Requirement: Repeat the listing below in full and exactly, but without its pictures.

Dataset content:

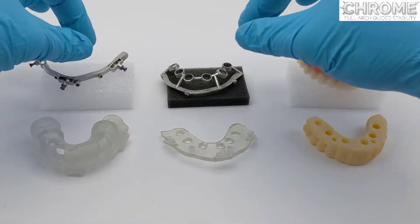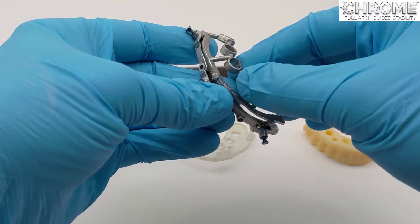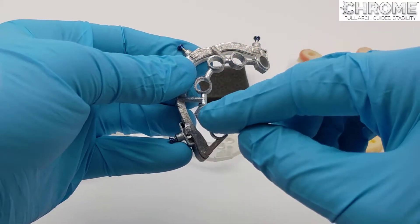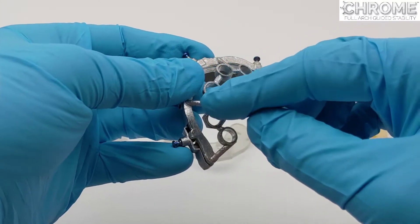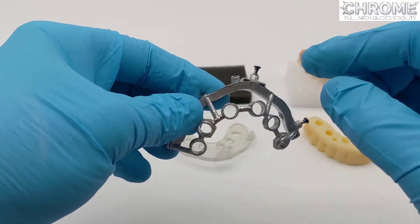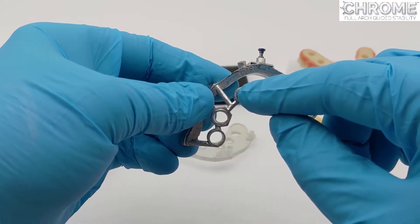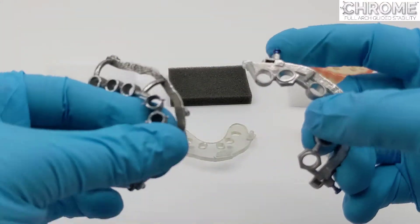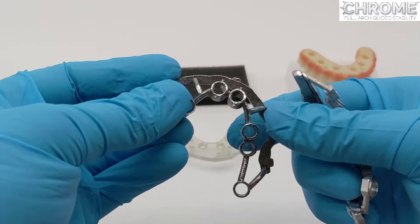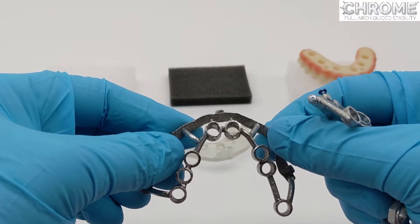The osteotomy guide is for creating the osteotomies and drilling the sites. It is made of chrome cobalt, just like the fixation base, and is custom made for many different guided kits. When they're just round with no geometry or nubs, they're for straight implants. When they have a geometry — like these little nubs here, visible on the buccal and the lingual — that is an indication for rotating the tool so it lines up with the hub or driver of the implant.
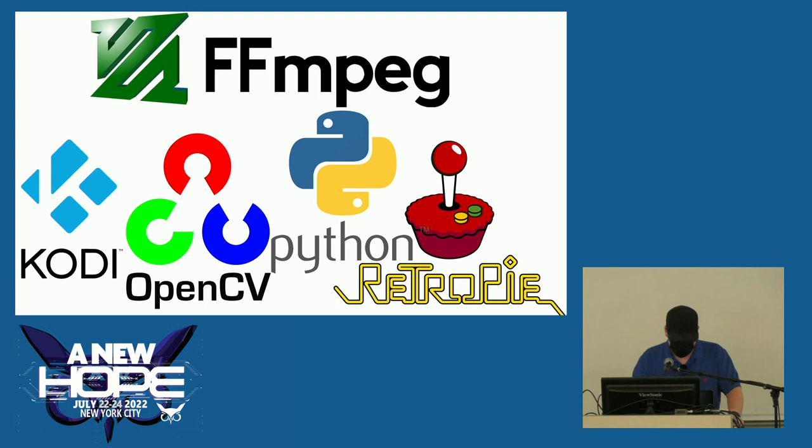There are five main pieces of Pi Glass version 2: FFmpeg for live streaming to any RTMP service; Kodi for watching movies, Netflix, YouTube, and that type of thing; OpenCV for camera-related functions; all applications written in Python; and last but not least, RetroPie — so we can play SNES games and stuff.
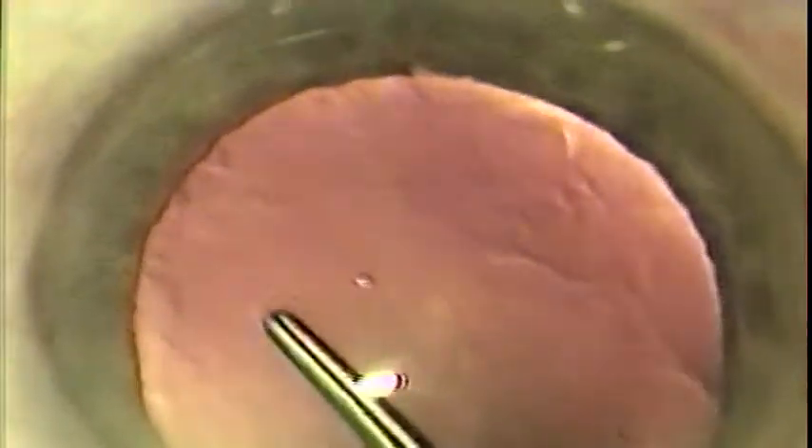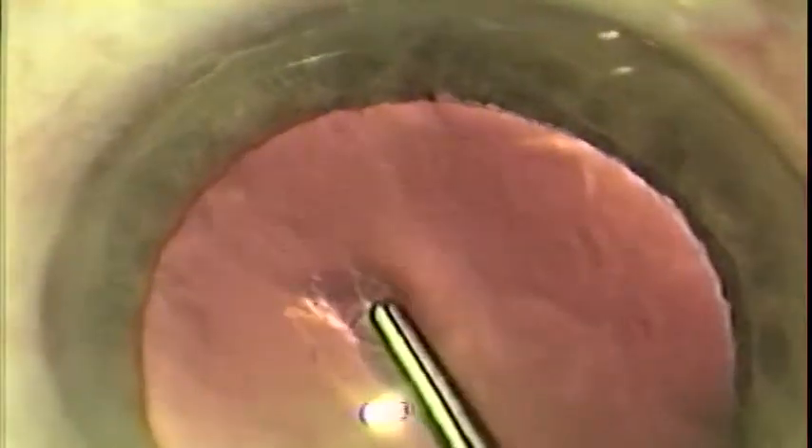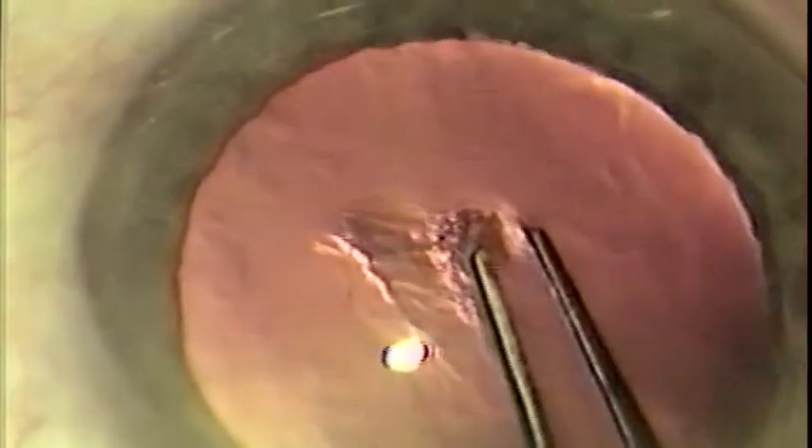The first maneuver is a pinch of the anterior lens capsule, thus opening it. The tips do not function like a cystotome in the sense that they do not puncture the capsule, but rather snag it, creating the tear with a smooth edge, avoiding puncture marks that can lead to uncontrolled equatorial tears.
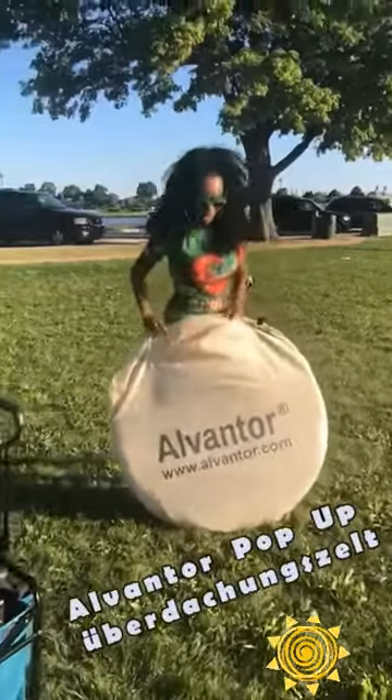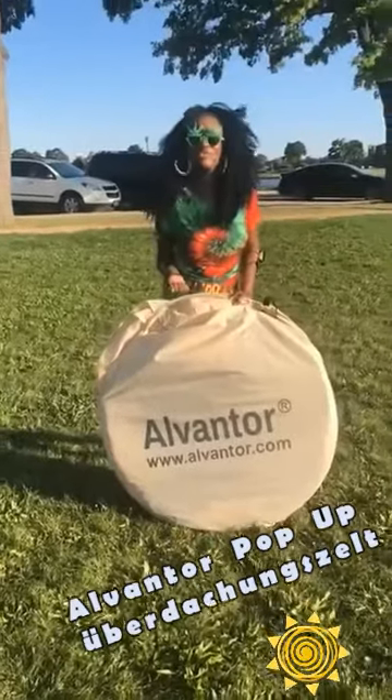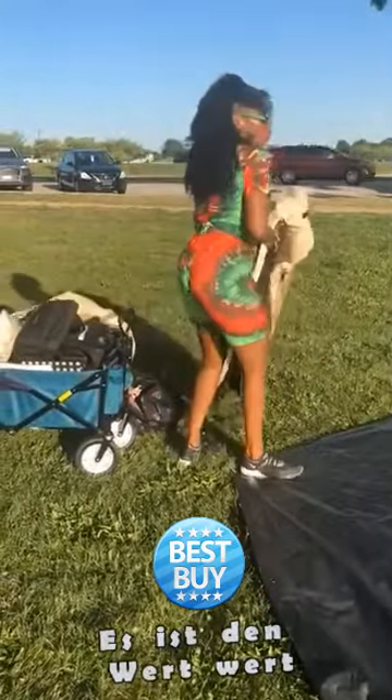Thanks for popping back in and joining me on my channel. I got this pop-up tent — everybody loves it, so I thought I would do a review for my channel. It's the Alvantor pop-up tent. In case you want to stand back. Sounds like a great value.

Response area:
The osteotomy guide is for creating the osteotomies and drilling the sites. It is made of chrome cobalt, just like the fixation base, and is custom made for many different guided kits. When they're just round with no geometry or nubs, they're for straight implants. When they have a geometry — like these little nubs here, visible on the buccal and the lingual — that is an indication for rotating the tool so it lines up with the hub or driver of the implant.
There are five main pieces of Pi Glass version 2: FFmpeg for live streaming to any RTMP service; Kodi for watching movies, Netflix, YouTube, and that type of thing; OpenCV for camera-related functions; all applications written in Python; and last but not least, RetroPie — so we can play SNES games and stuff.
The first maneuver is a pinch of the anterior lens capsule, thus opening it. The tips do not function like a cystotome in the sense that they do not puncture the capsule, but rather snag it, creating the tear with a smooth edge, avoiding puncture marks that can lead to uncontrolled equatorial tears.
Thanks for popping back in and joining me on my channel. I got this pop-up tent — everybody loves it, so I thought I would do a review for my channel. It's the Alvantor pop-up tent. In case you want to stand back. Sounds like a great value.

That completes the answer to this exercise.